Items listed in a dataset:
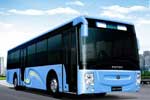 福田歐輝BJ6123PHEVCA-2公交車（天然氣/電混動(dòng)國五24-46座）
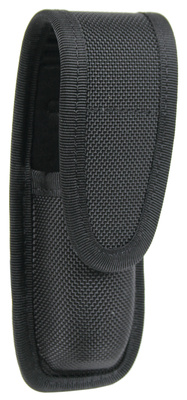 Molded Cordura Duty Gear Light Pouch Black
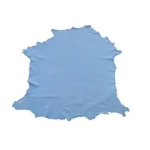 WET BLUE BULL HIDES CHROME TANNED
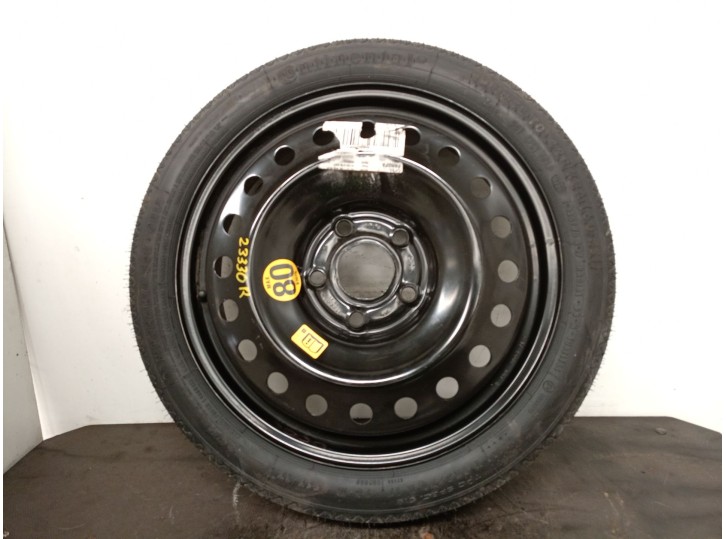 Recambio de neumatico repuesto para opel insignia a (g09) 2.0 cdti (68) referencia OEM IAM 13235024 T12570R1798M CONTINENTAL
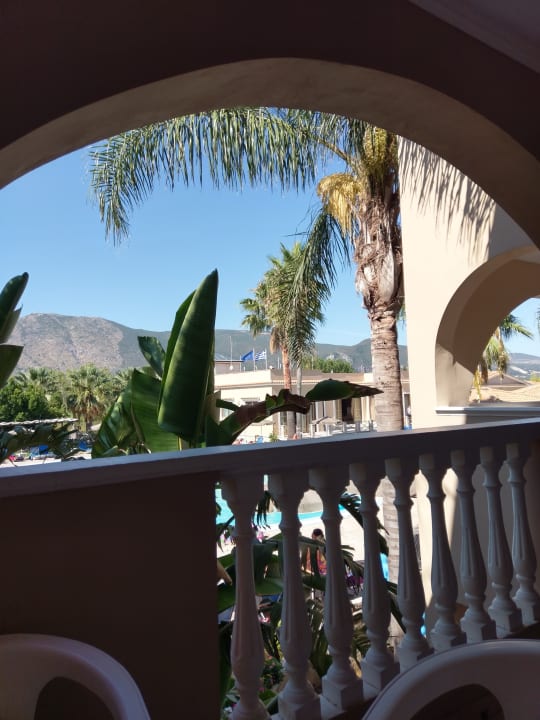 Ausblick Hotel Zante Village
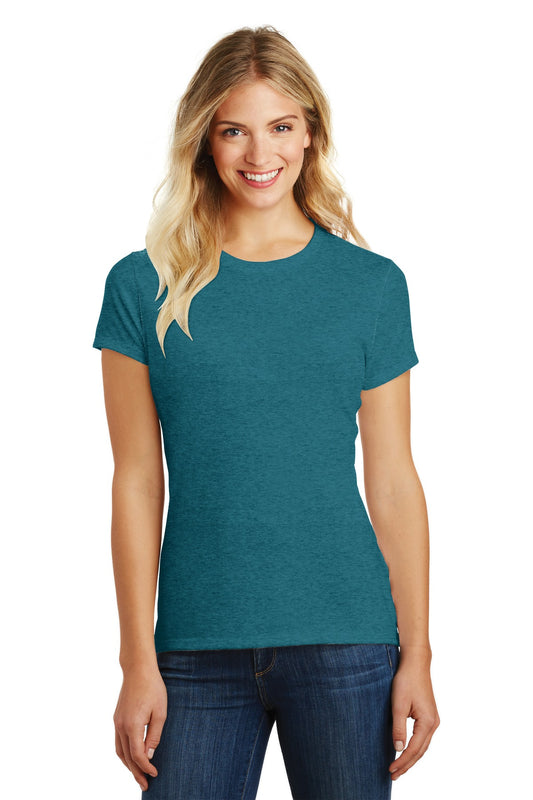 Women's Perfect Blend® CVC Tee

- **TASK DETAILS**
The answer must consist solely of the lines from the one with "Ausblick Hotel Zante Village" through the final line of the data, each reproduced exactly and with pictures omitted.

- **YOUR RESPONSE**
 Ausblick Hotel Zante Village
 Women's Perfect Blend® CVC Tee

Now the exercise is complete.